The flow chart of the coolant made of the coolant circuit of the present invention provided as described above is made in the same manner as the conventional one according to the proper temperature of the coolant, and thus the detailed description thereof will be omitted.

However, due to the coolant flow pipe 76, the coolant circuit always flows from the water jacket 52b side of the cylinder head toward the radiator 58 even before the water temperature controller 60 is opened.

Accordingly, the coolant flows not only into the bypass passage 62 but also toward the coolant flow tube 76 around the water temperature controller 60, thereby actively cooling the flow of the coolant.

Such a flow state of the coolant is completely transmitted to the surroundings of the wax (not shown) provided in the water temperature controller 60, so that the wax can sense the temperature of the coolant evenly throughout the part, so that the water temperature controller As the temperature sensing ability is improved and exerted, the coolant is circulated to the radiator 58 in a timely manner to prevent overheating or overcooling of the engine.

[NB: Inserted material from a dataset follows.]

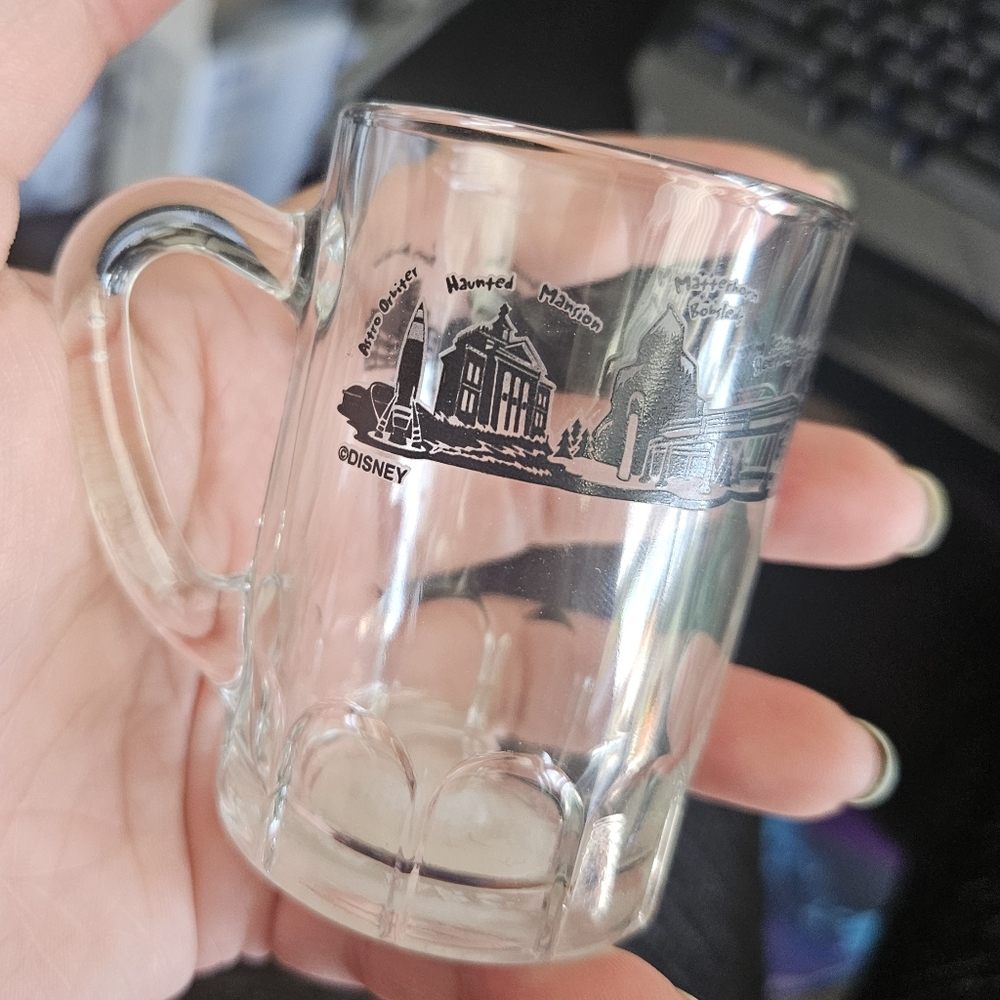 Disneyland Resort Toothpick Holder Glass Stein Rides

In addition, the water temperature regulator 60 is opened because the predetermined amount of hot water close to about 80 ° C. may flow into the coolant flow tube 76 until the water temperature controller 60 is opened. Hot water from the side suddenly enters the cold water of the radiator 58 to suppress the conventional phenomenon that the cooling water fluctuations (fluctuation).

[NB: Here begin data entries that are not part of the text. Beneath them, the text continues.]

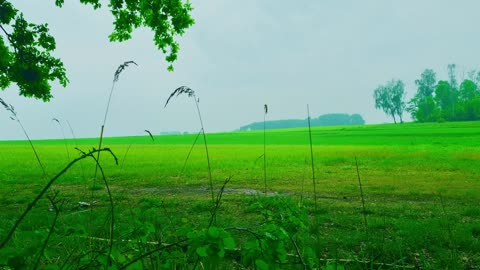 Green Radio: 24/7 Concert of Birds and Nature Sounds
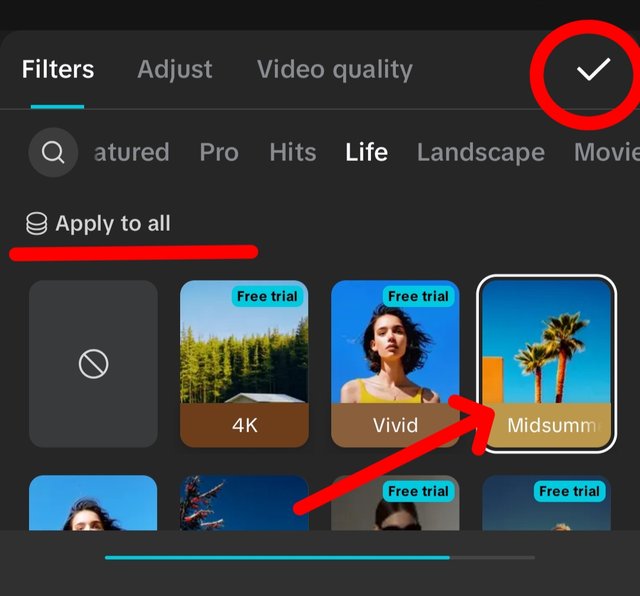 1000032737.jpg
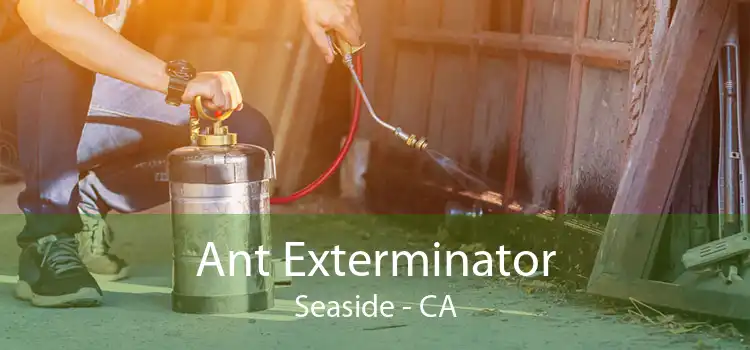 Ant Exterminator Seaside - CA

In addition, the configuration of the cooling water circuit of the present invention is applicable to the cooling water circuit in which the bypass passage 62 has been removed, and thus can be used.

[Effect of design]

As described above, the coolant circuit of the engine according to the present invention has a coolant flow tube formed near the mounting position of the water temperature controller so that the coolant flows from the engine unit to the radiator at all times when the coolant is circulated by the cooler. Therefore, as the flow of the coolant flows smoothly in the water temperature controller, the temperature sensing capability of the water temperature controller is improved, and thus, the engine has an advantage of preventing overheating and overcooling of the engine.

Claims (1)

A cooling water circuit of an automobile cooling apparatus that not only prevents overheating by cooling an automobile engine but also maintains an appropriate temperature, the cooling water circuit comprising: a radiator 58 for cooling a heated cooling water; A water intake pipe 68 connected to the radiator 58 and of which a water pump 54 for circulating coolant to the engine is connected to an end thereof; Water jackets 52a and 52b of the cylinder block and the cylinder head of the engine through which the coolant is circulated by the water pump 54; A cooling water passage (70) leading from the water jacket (52b) of the cylinder head to the radiator (58); A bypass passage (62) communicating with the cooling water passage (70) and the water intake pipe (69); With respective circulation passages (72, 74) installed in communication with the water jacket (52b) of the cylinder head and circulated through the throttle body (64) and the heater (66) and connected to the water intake pipe (68); The coolant communicated with the radiator 58 in the coolant passage 70 so that the coolant can always flow from the engine body to the radiator 58, adjacent to the coolant passage 70 in which the water temperature regulator 60 is installed. Coolant circuit of the engine comprising a flow tube (76).